Spacefem (spacefem) wrote,

beginner's guide to information theory

I'm feeling better tonight. last night I did very poorly on an exam, hence the bitchiness. Today I sat down and looked at some numbers, and realized that since I did pretty well on the first two tests, last night's score (plus the final) don't really mean all that much. I have to average a 55% to keep my B. I could all but not show up and still get a C... which is really what matters, since my company requires a C or better to repay my tuition (the going phrase around the office is "C is for Cash").

With that out of the way, I would like to write a little about what I've been studying this semester: Information Theory. Because even though I hate school right now, a little part of me deep down inside is appreciating the material and even sometimes thinks it might be cool. And who knows, someone else here might think the same thing... I keep trying to explain it all to people, and some of them just immediately smile that "please stop" smile, tell me they can't even begin to understand it, and compliment me for being smart enough to even get past the first chapter. This isn't really a compliment... being smart enough to understand brilliant ideas is pointless if you're not capable of explaining it in layman's terms to anyone new off the street. But I figure maybe it's not me, they just don't want to understand it... math phobia? Other people, mostly ones who are uncomfortable admitting they don't get something, hear me out on it and eventually agree that it is kind of cool. So here's hoping my lj readers are those kinds.

Information theory starts with the idea that we transmit symbols using bits (example, A = 01000001 B = 01000010) because computers talk using 0s and 1s. On a transmission line, we can represent 0s and 1s with things like frequencies or voltage levels (a certain level means 0, another one means 1) or whatever, but either way each bit takes a little bit of time to transmit. You have to send the "1" signal for a while, and the "0" signal for a while, and give the guy on the other end time to process it. Or you're storing these 0s and 1s in a file, that takes up space on your hard drive, and that's annoying too.

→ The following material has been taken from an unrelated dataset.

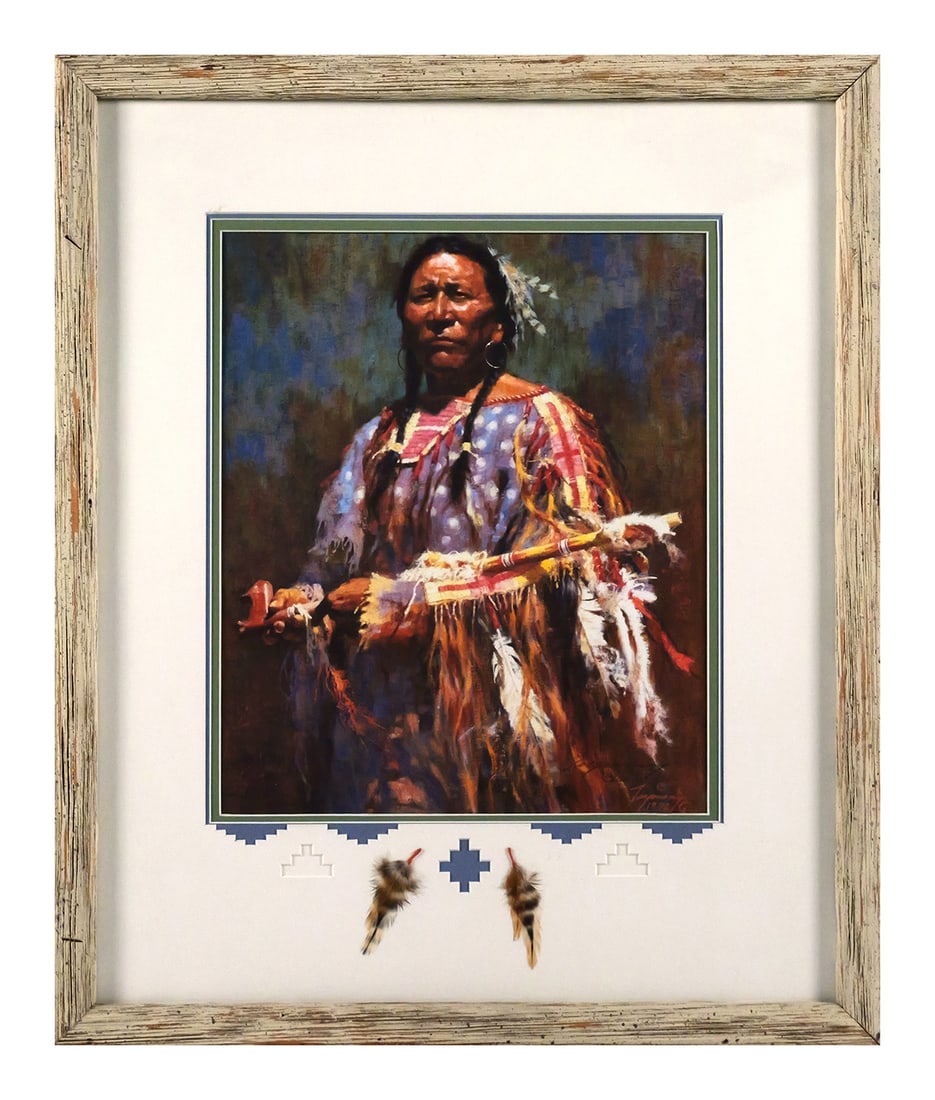 HOWARD TERPNING Native American Lithograph - 2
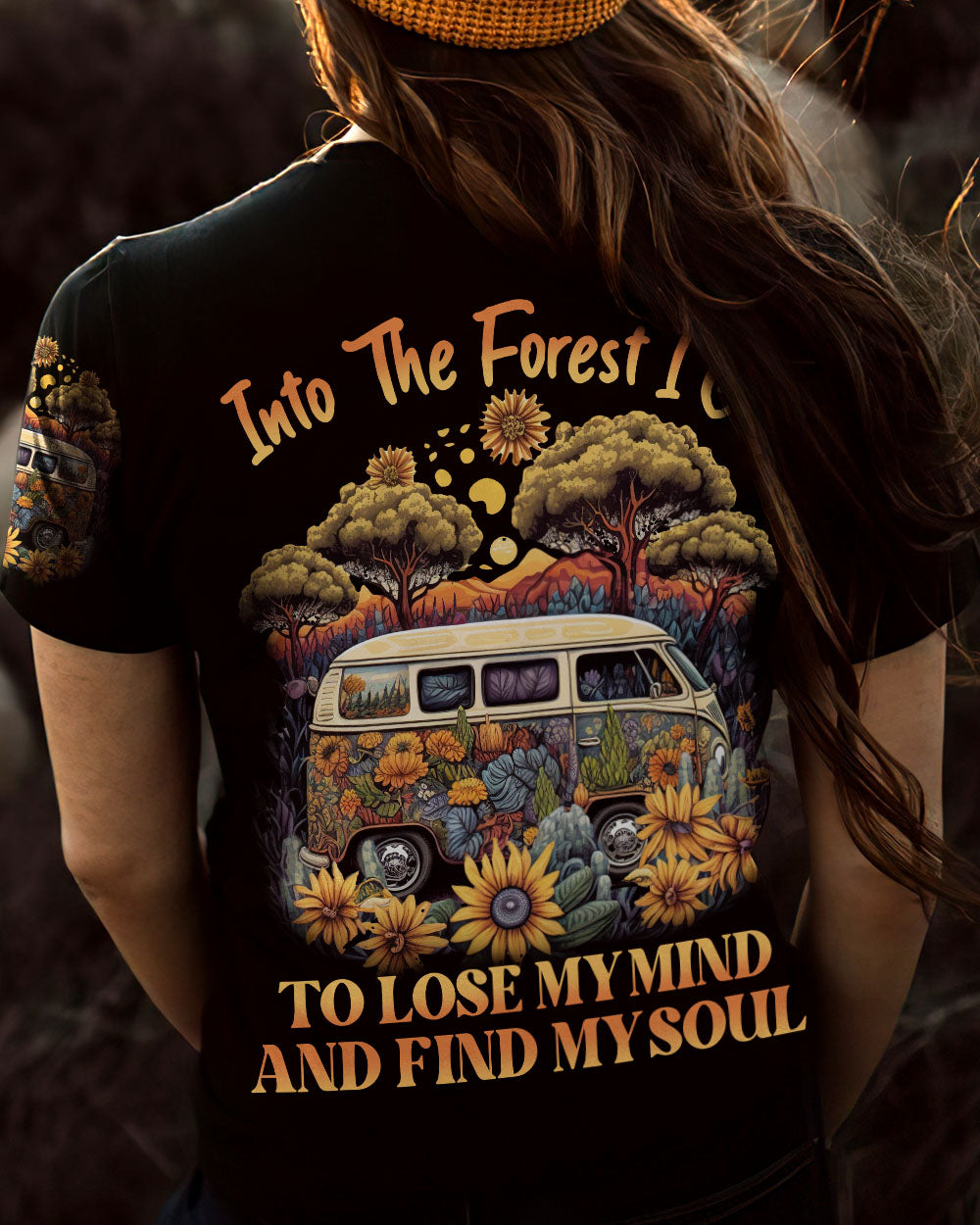 INTO THE FOREST SUNFLOWER ALL OVER PRINT - YHLN2802231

So if you start looking at your signal, and notice that certain parts of it repeat a lot, you assign shorter bit sequences to those parts (example, A = 1, B = 0001). Rather than grouping eight bits in a row together every time to figure out what letter you just sent, the receiver at the other end looks for those unique patterns. Huffman Coding is a cool example of this... the wiki explination looks sort of crazy so maybe I'll take that one on in another entry.

Anyway there's an expression we use for the uncertainly of a signal called "entropy" (not like the thermodynamics entropy, in case someone here is into that). If I'm sending you a message, and every single letter happens the same number of times, then you have no way to predict what's going to come next. But if I just send you mostly As and the occasional B, then you can be pretty certain that the next letter you'll get is A. More certainty = less entropy, and less entropy means you can get more out of all this information theory stuff. So we look at ways to reduce all that by using combinations of symbols together (ie, U generally follows Q, we can use that to help us out).

So that was the first day of class, and the rest of the semester was spent looking at probability distribution functions (which are pretty terrible and should be avoided) and how we can use what we know from them to use less bits to transmit the same set of data, all the time, with no distortion or loss.

And in two weeks the class will be over and I will forget all this, and part of me can't wait. you know?